One obvious problem here is that options markets are composed of a discrete set of option prices for a given maturity. Therefore, it is common to first compute a Vol surface. Practically, it is desired to limit the integration region (strike range) to avoid issues with the weights (especially very small strikes are a concern because of the weighting with squared strikes). Where this truncation is done is probably market dependent and depends on the quality of the available Volsurface (that is also why the VIX white paper explains that they no longer consider strikes of puts below the strikes where two puts with consecutive strike prices are found to have zero bid prices).
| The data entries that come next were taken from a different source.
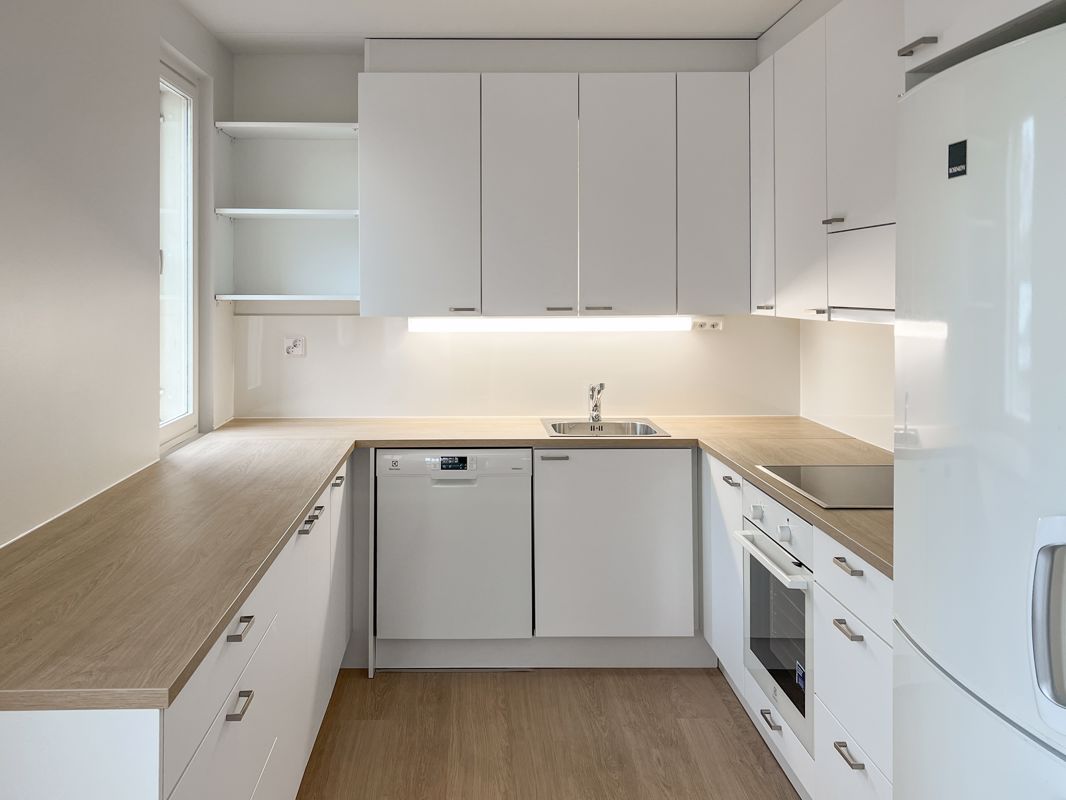 2 bedrooms, Turku, Keskusta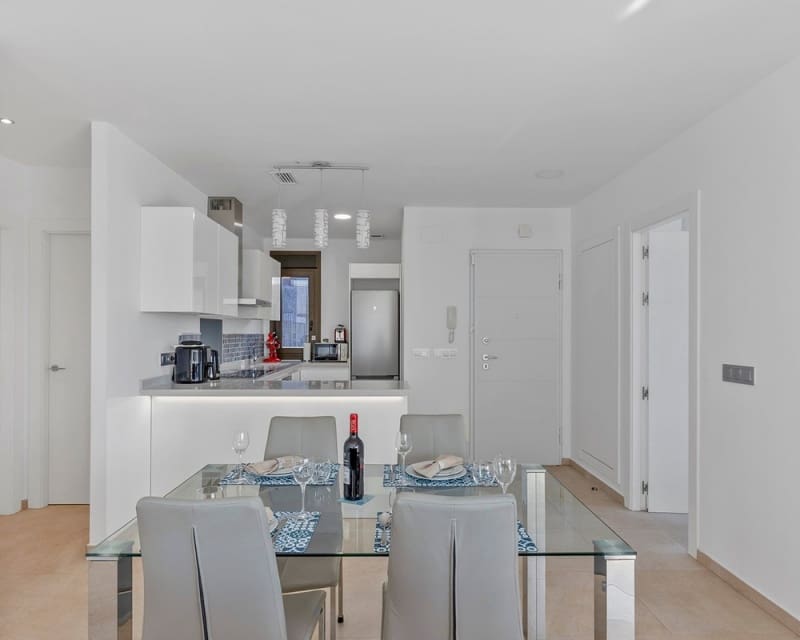 3 makuuhuone Huvila myytävänä paikassa Los Montesinos mukana uima-altaan - 449 900 € (Ref: 9725082)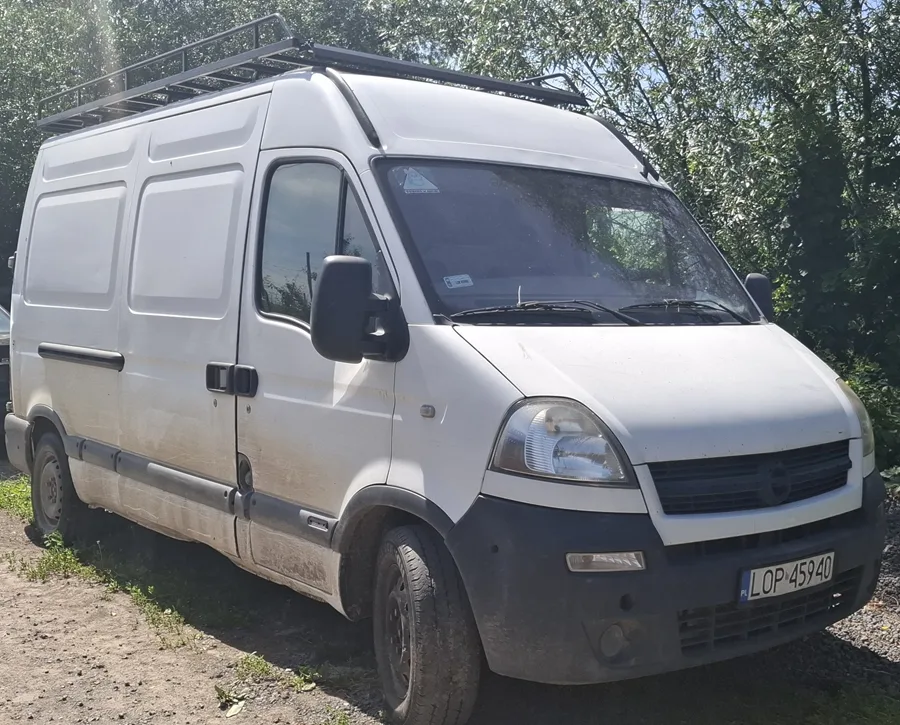 Opel Movano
The complexity and availability of different methods is why different platforms show different IVx. Which one is more accurate is hard to tell without looking at the exact computations. Either way, you will likely not have access to a Vol surface but you can look at the IV (from your screens) of the options closest to ATM, and compare these IVs to IVx, the IV to use will be somewhere around these values. The whole idea is anyhow just to get a (rough) options implied move of the underlying.